> _Activity_
Only the lines from the line containing "Lusty mom in lingerie posing in the woods" to the end of the material belong in the copy; set them down exactly, without pictures.

> _Data excerpts_
■ ■ ■ ■ ■

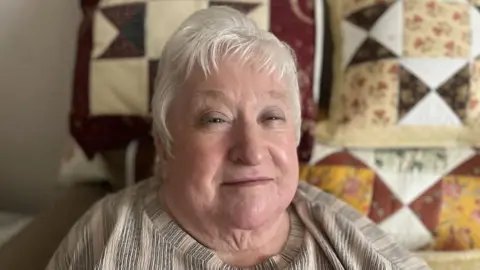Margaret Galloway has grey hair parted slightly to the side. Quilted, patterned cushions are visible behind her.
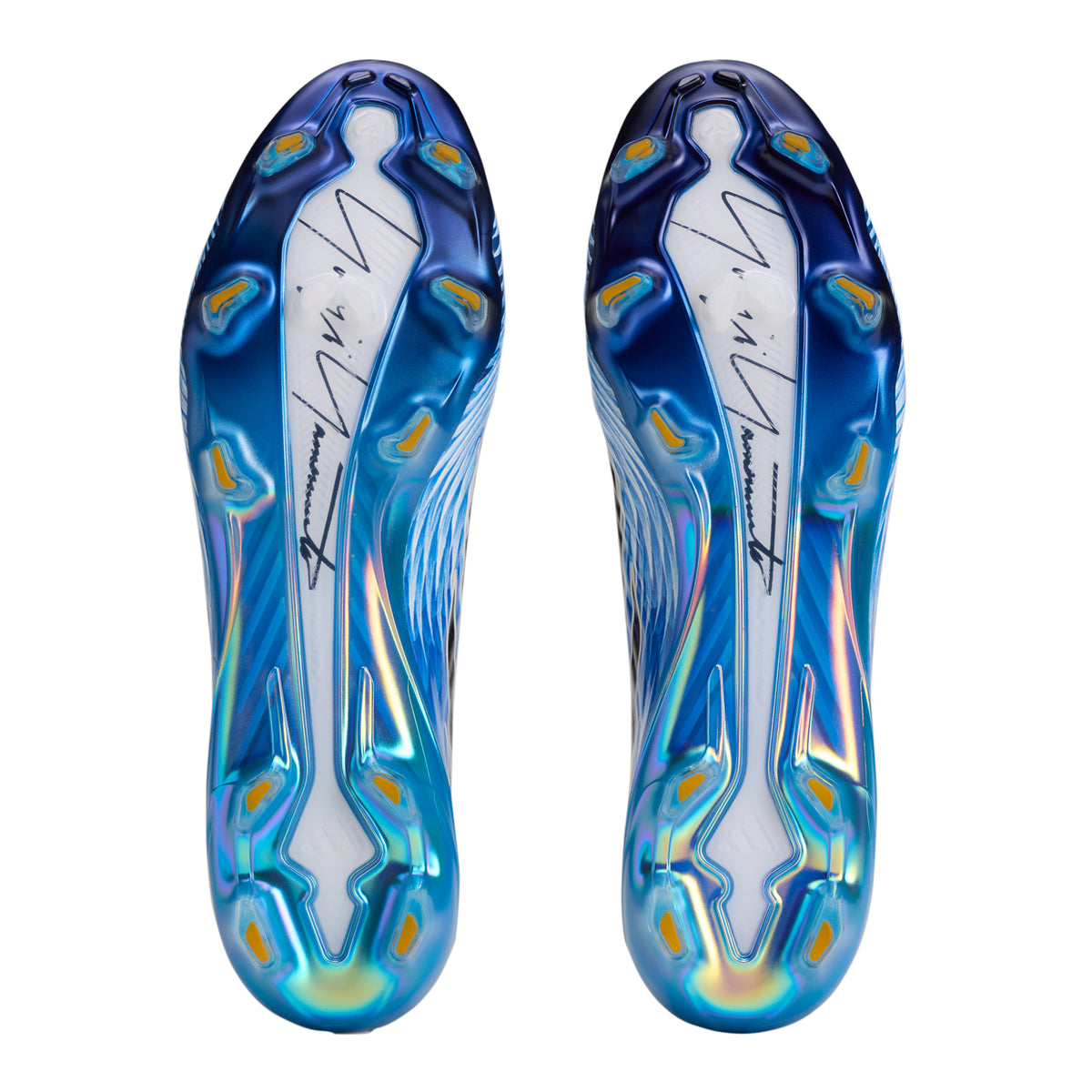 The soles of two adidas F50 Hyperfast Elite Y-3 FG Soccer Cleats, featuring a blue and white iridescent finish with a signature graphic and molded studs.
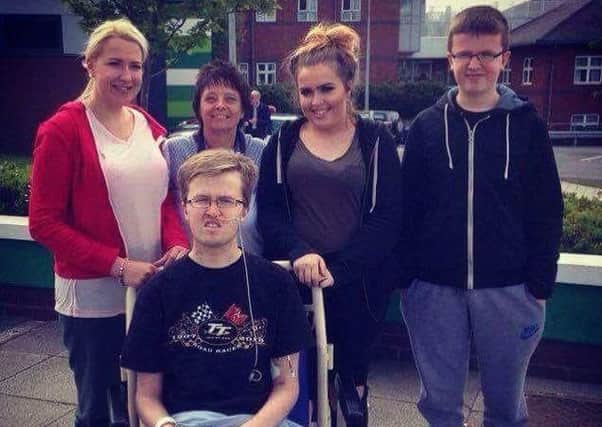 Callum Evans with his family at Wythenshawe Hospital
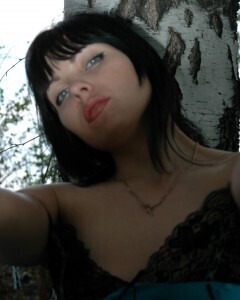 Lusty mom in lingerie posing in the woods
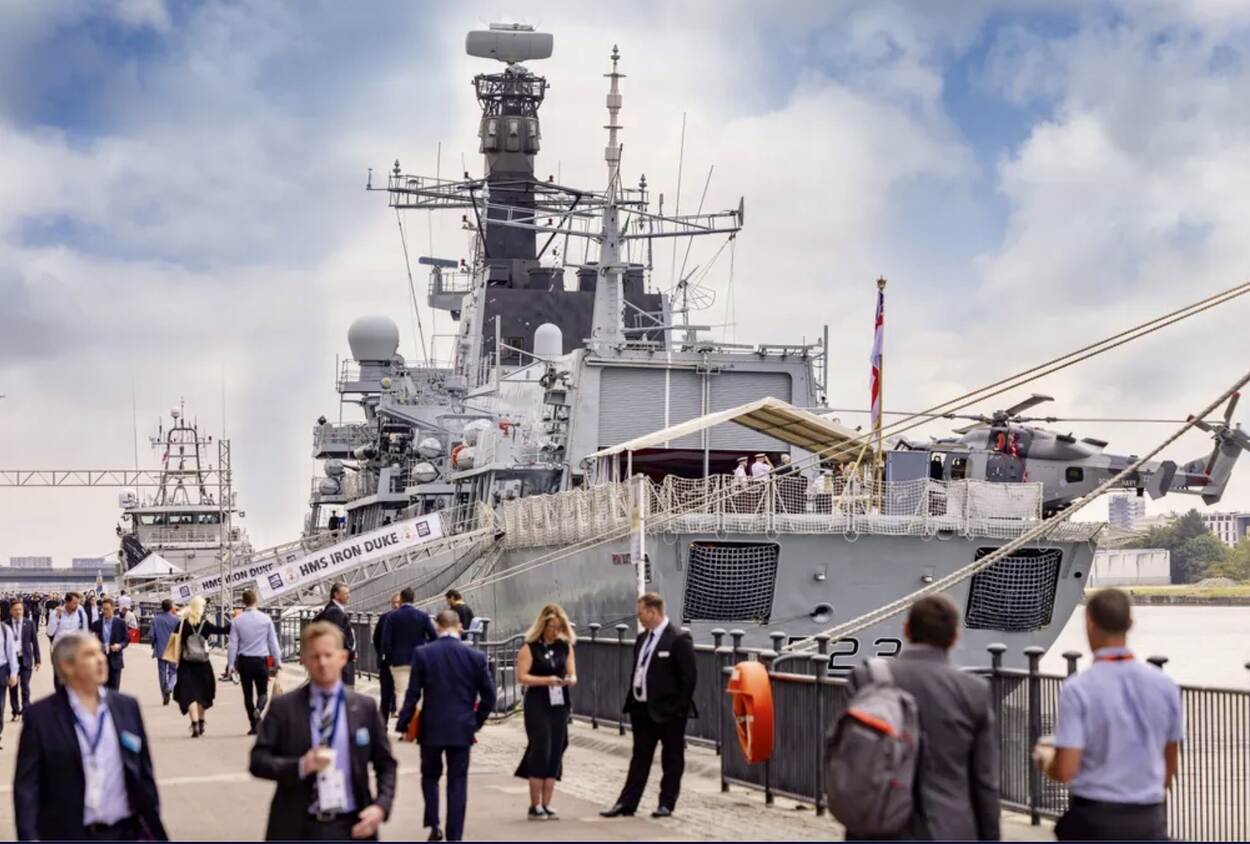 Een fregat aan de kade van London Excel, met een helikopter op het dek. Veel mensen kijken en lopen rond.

■ ■ ■ ■ ■

> _Written solution_
 Lusty mom in lingerie posing in the woods
 Een fregat aan de kade van London Excel, met een helikopter op het dek. Veel mensen kijken en lopen rond.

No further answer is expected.